PROBLEM DETAILS: Return the records exactly, from the first line through the "Fortune Jewel Natural" line.

Records from a collection

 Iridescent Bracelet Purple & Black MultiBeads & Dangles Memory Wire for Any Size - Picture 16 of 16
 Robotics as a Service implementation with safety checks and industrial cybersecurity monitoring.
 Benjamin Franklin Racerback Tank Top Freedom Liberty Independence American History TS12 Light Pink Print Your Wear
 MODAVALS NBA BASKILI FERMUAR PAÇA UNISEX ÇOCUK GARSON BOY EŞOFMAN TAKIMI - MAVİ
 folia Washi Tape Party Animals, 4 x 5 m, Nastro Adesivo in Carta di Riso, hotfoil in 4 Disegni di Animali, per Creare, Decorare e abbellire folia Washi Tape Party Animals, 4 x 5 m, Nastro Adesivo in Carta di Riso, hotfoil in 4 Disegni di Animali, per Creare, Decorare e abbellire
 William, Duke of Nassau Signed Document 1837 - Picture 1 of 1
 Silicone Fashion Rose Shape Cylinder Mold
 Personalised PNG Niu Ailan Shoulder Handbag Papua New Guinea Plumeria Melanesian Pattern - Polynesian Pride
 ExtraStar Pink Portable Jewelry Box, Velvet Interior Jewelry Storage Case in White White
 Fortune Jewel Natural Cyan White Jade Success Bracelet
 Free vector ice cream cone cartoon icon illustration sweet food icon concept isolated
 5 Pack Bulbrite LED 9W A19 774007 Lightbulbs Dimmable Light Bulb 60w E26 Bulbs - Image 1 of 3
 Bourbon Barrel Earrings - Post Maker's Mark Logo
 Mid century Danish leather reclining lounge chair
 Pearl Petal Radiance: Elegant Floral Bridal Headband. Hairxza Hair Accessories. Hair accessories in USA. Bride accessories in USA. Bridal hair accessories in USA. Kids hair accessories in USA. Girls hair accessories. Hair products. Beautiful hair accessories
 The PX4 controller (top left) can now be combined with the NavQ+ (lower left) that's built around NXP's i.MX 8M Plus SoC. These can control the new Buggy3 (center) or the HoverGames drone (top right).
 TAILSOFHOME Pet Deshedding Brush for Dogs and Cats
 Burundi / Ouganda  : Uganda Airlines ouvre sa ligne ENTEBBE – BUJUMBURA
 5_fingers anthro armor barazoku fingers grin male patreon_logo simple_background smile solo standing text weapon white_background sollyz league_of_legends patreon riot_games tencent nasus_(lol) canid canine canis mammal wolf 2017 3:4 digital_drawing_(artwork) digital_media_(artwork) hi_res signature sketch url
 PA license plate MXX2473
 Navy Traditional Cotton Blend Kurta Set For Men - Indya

RESULT OF THIS TASK:
 Iridescent Bracelet Purple & Black MultiBeads & Dangles Memory Wire for Any Size - Picture 16 of 16
 Robotics as a Service implementation with safety checks and industrial cybersecurity monitoring.
 Benjamin Franklin Racerback Tank Top Freedom Liberty Independence American History TS12 Light Pink Print Your Wear
 MODAVALS NBA BASKILI FERMUAR PAÇA UNISEX ÇOCUK GARSON BOY EŞOFMAN TAKIMI - MAVİ
 folia Washi Tape Party Animals, 4 x 5 m, Nastro Adesivo in Carta di Riso, hotfoil in 4 Disegni di Animali, per Creare, Decorare e abbellire folia Washi Tape Party Animals, 4 x 5 m, Nastro Adesivo in Carta di Riso, hotfoil in 4 Disegni di Animali, per Creare, Decorare e abbellire
 William, Duke of Nassau Signed Document 1837 - Picture 1 of 1
 Silicone Fashion Rose Shape Cylinder Mold
 Personalised PNG Niu Ailan Shoulder Handbag Papua New Guinea Plumeria Melanesian Pattern - Polynesian Pride
 ExtraStar Pink Portable Jewelry Box, Velvet Interior Jewelry Storage Case in White White
 Fortune Jewel Natural Cyan White Jade Success Bracelet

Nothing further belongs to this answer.